At 74 years old, he still comes to work every day to repair car interiors — and wouldn’t have it any other way.
Tommy, his father, founded the business 1949, after learning the craft from a man who repaired the upholstery in horse-drawn carriages. Doug bought out his father in 1976. And in 2015, sold it to his daughter Wendy, and her husband, Chris Mandorla.
Running the business wasn’t always easy, said Doug. And he predicts it will only get tougher.
“It’s bittersweet,” he said. “It is wonderful to keep it going, but I also know the pitfalls coming down the pike.”
Among those pitfalls: OEM interiors are getting better and lasting longer, he said. It’s also difficult to find skilled craftsmen.
Still, Doug doesn’t fear the family business will die anytime soon.
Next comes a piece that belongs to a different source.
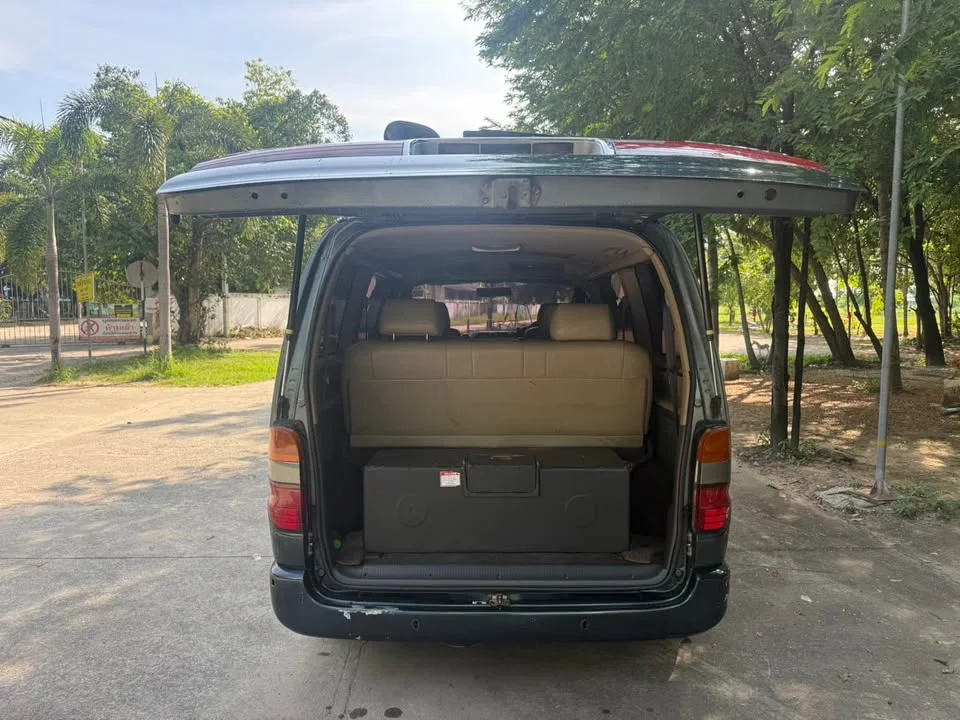 2004 Toyota Granvia H100 2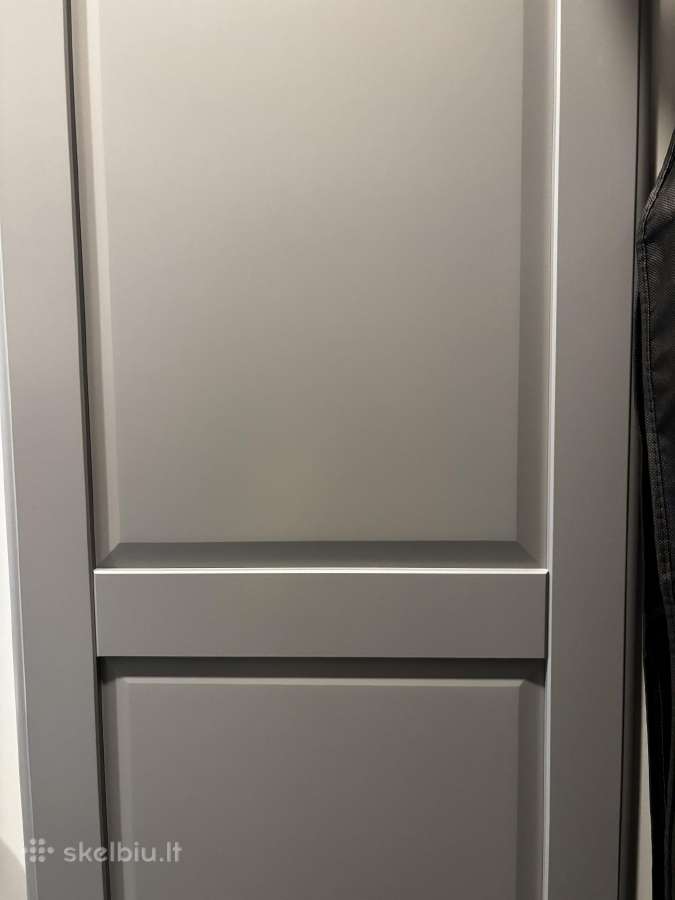 Ikea spintos duris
“I guess I figured people will always have to sit on something and they want to be comfortable,” he said. “And people are more demanding with their comfort now. A lot of people used to just put up with a car seat they didn’t like. Now they want it fixed.”
Their secret to success
That’s not all. Doug says there’s a secret to the shop’s longevity and success: It’s their ability to constantly evolve.
When Tommy’s Upholstery was founded in the 1940’s, all they did was sew and install seat covers. Over the years, they added a long list of services to their roster, including headliners, door panels, carpets and convertible tops.
And whenever automakers come out with something new, the team quickly learns how to repair it and begins offering that service too.
“The business continues to evolve. We are very versatile,” said Doug. “We do a lot of different kinds of stuff.”
Early on, they recognized that automobiles are constantly changing. So, to stay in business, they would have to change as well.
“We are so nimble that when a new project comes along we can try it,” Doug added.
So long as they keep evolving, the family business shouldn’t have any problems going into a fourth generation. In fact, Doug’s grandchildren Ben, 16, and Adam, 11, are already learning the craft.